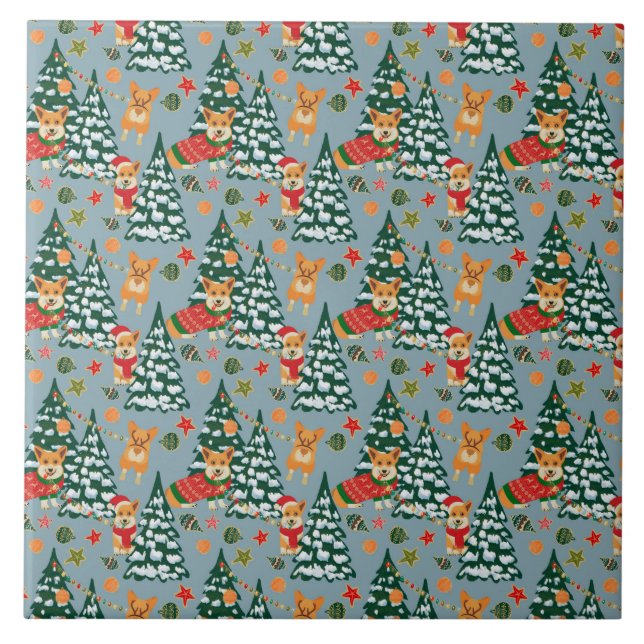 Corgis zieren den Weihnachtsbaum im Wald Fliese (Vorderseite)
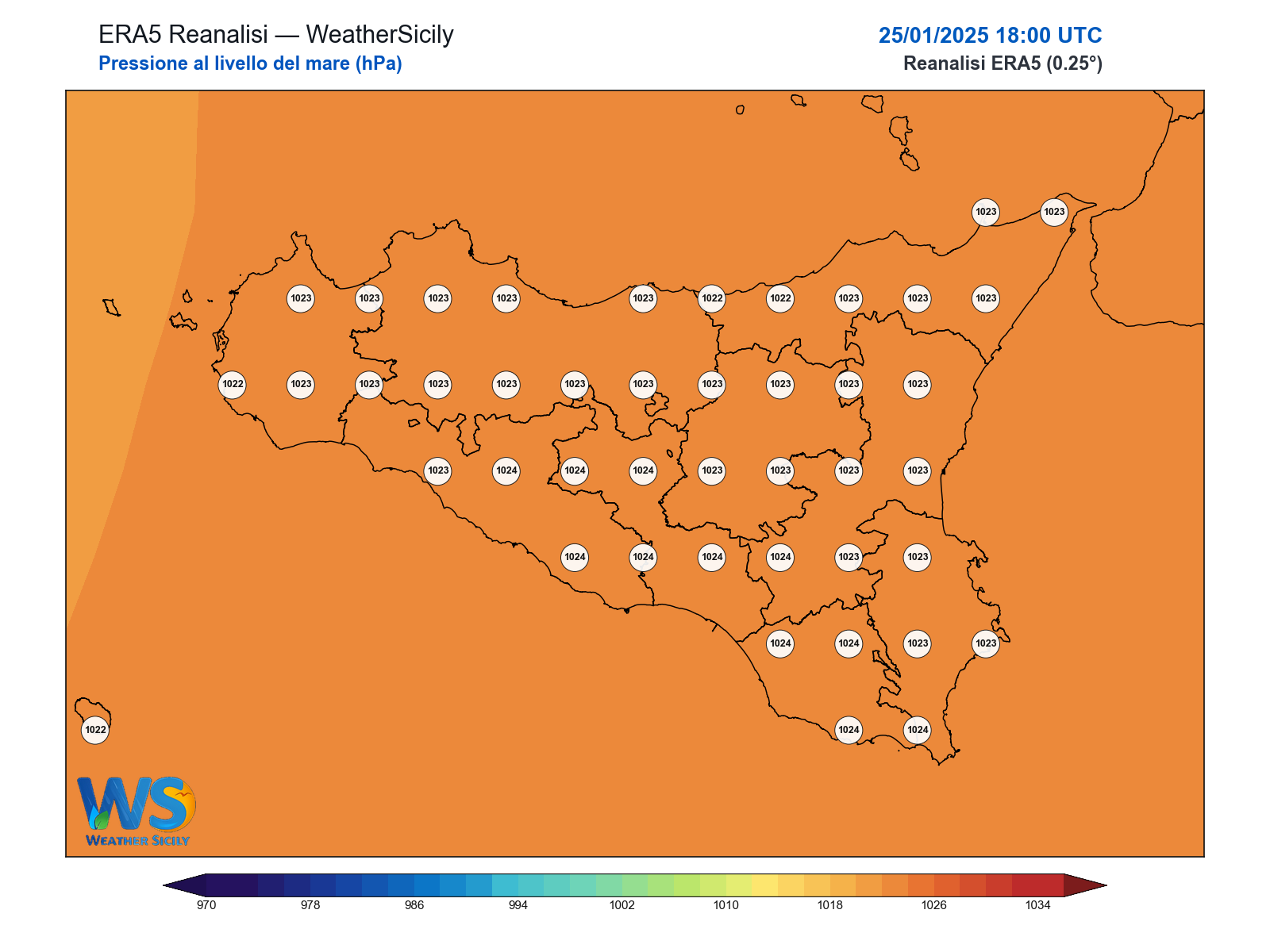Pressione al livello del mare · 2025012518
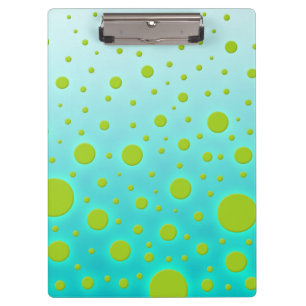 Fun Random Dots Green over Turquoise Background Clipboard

+++

**ACTIVITY:** Could you return the whole listing exactly, with every picture removed?

**EXERCISE SOLUTION:**
 Corgis zieren den Weihnachtsbaum im Wald Fliese (Vorderseite)
Pressione al livello del mare · 2025012518
 Fun Random Dots Green over Turquoise Background Clipboard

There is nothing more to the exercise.